Stefano Gennarini, J.D. writes for the Friday Fax — Two competing draft resolutions emerged at the UN this week on the impact of COVID-19 on women. One of the main disputes in negotiations is over national prerogatives on abortion.
Both resolutions are based on a policy brief from UN Secretary General, Antonio Guterres, published just before Easter on “The impact of COVID-19 on Women.” The brief seeks to designate a list of priority policies to protect women from the pandemic, among them “sexual and reproductive health services.”
One resolution, sponsored by Algeria, China, Egypt, Saudi Arabia, and Zambia, recognizes national prerogatives when it comes to “sexual and reproductive health.” The other, sponsored by Europeans, minimizes national prerogatives and gives the UN bureaucracy a broad sweeping mandate, even endorsing the UN Secretary General’s brief and a more explicitly pro-abortion guidance note from a UN human rights committee that declared abortion essential to the COVID-19 response.
The brief and both of the initial drafts of the resolutions specifically identify “sexual and reproductive health” as essential “health services” that should not be disrupted by COVID-19 health policy decisions. It is unclear if this same level of priority will be retained after the resolutions are discussed remotely by UN member states.
The COVID-19 pandemic has upended normal UN negotiating dynamics, making the negotiating process less transparent.

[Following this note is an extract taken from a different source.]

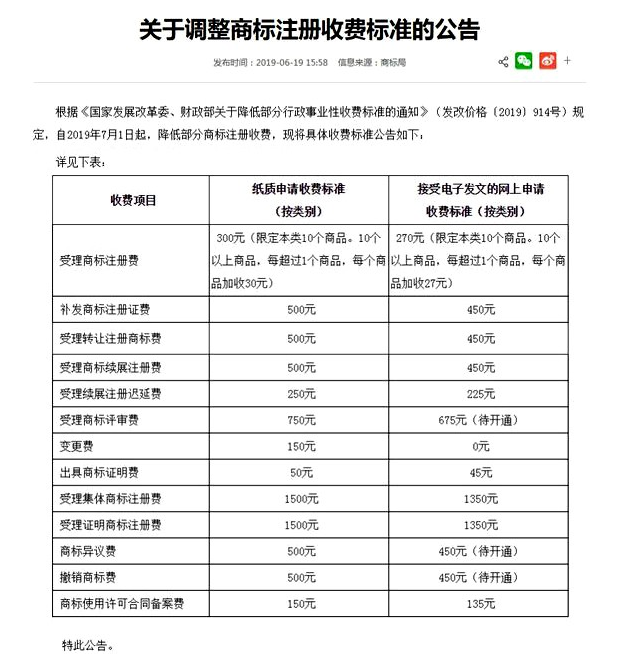 注册商标费用多少钱有什么用（注册商标要多少钱?流程是什么）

The normal procedures of the UN system came to a halt as a result of the global panic over the novel coronavirus. Since mid-March, the day-to-day operations of the international organization have been reduced to bare essentials. Human rights panels have been canceled, UN commissions postponed, and diplomatic pow-wows put on indefinite hold. The daily deluge of dozens of UN documents is down to a trickle, and operations at UN headquarters are all but shut down.
UN member states are having to rubberstamp resolutions remotely, through a silent procedure. There are no informal negotiations of resolutions. Delegations are given time-frames within which to object to resolutions. If no objection is made, it is declared adopted. This may be why there are two seemingly competing resolutions on COVID-19 and women.

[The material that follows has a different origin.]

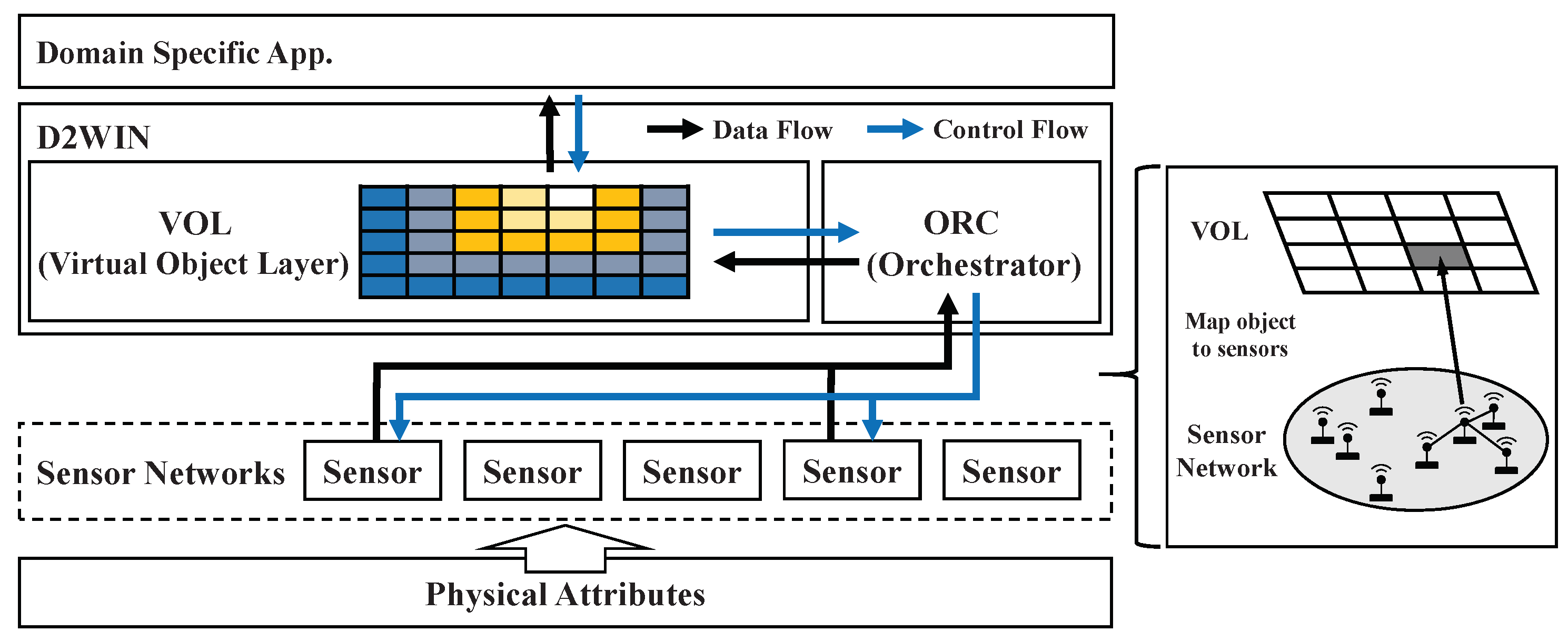 Sensors 19 04410 g003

The term “sexual and reproductive health” is widely used to cluster abortion alongside more widely accepted maternal health and family planning health policies. The Trump administration has spearheaded efforts to remove the term in UN policy and use less ambiguous terminology.
While recognizing the significantly higher impact of COVID-19 on men, the UN Secretary General’s policy brief argues that “the health of women generally is adversely impacted through the reallocation of resources and priorities, including sexual and reproductive health services” calling them “central to health, rights and well-being of women and girls.”

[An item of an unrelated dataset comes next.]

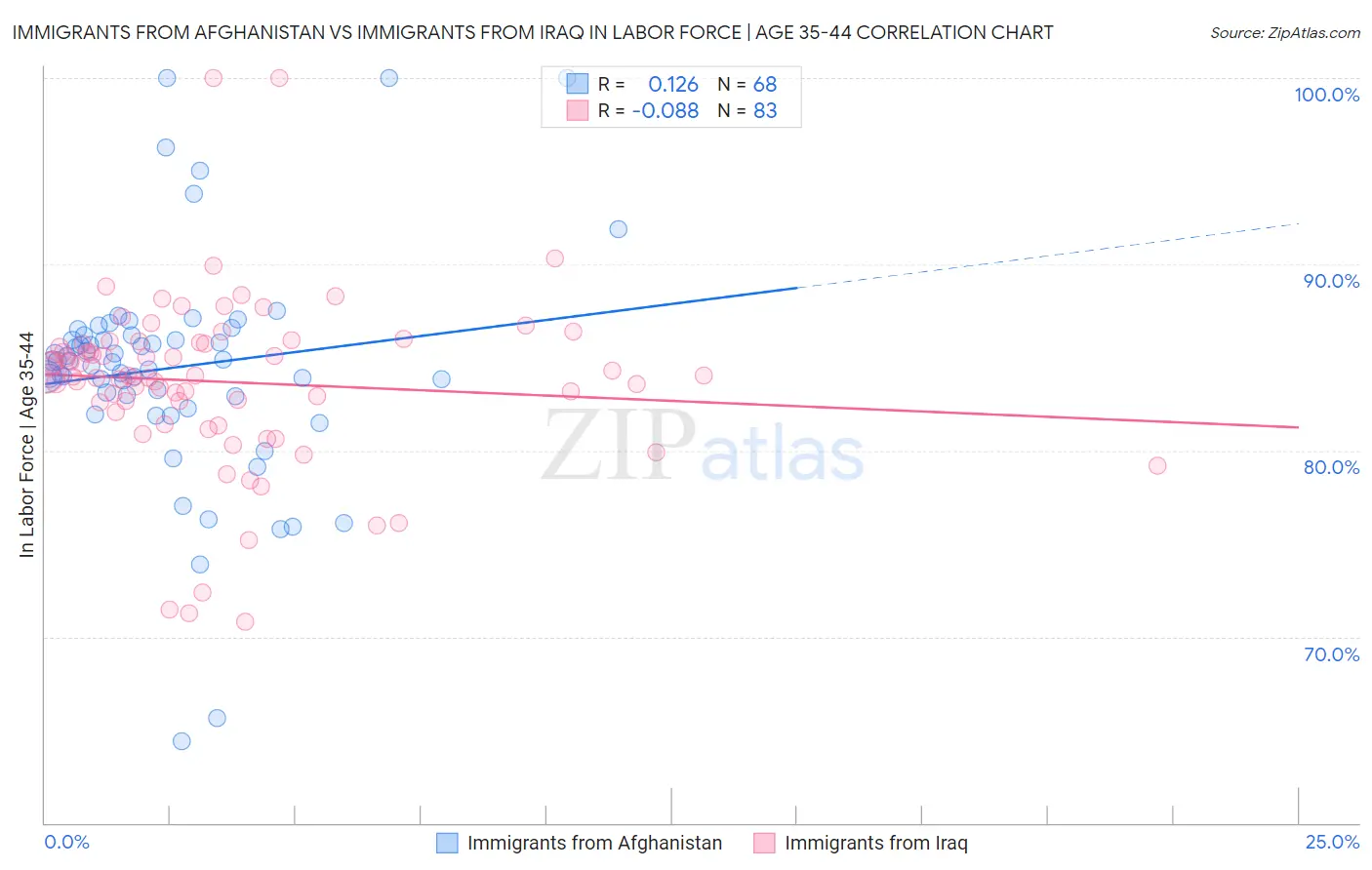 Immigrants from Afghanistan vs Immigrants from Iraq In Labor Force | Age 35-44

Since before COVID-19 was declared a pandemic, UN agencies promoted abortion as an essential servicethat should not be disrupted in COVID-19 health responses. Even more attention and resources were dedicated to “sexual and reproductive health” in the UN Secretary General’s appeal to the UN system for the pandemic, which also made abortion part of the UN’s response by incorporating a UN agency manual that refers to abortion as a human right.
The CEDAW Committee, a UN human rights panel that tracks the efforts of countries to implement the UN treaty on women’s rights, also came out with its own guidance note on COVID-19 telling countries they “must” provide “confidential access to sexual and reproductive health information and services such as modern forms of contraception, safe abortion and post-abortion services” during the pandemic.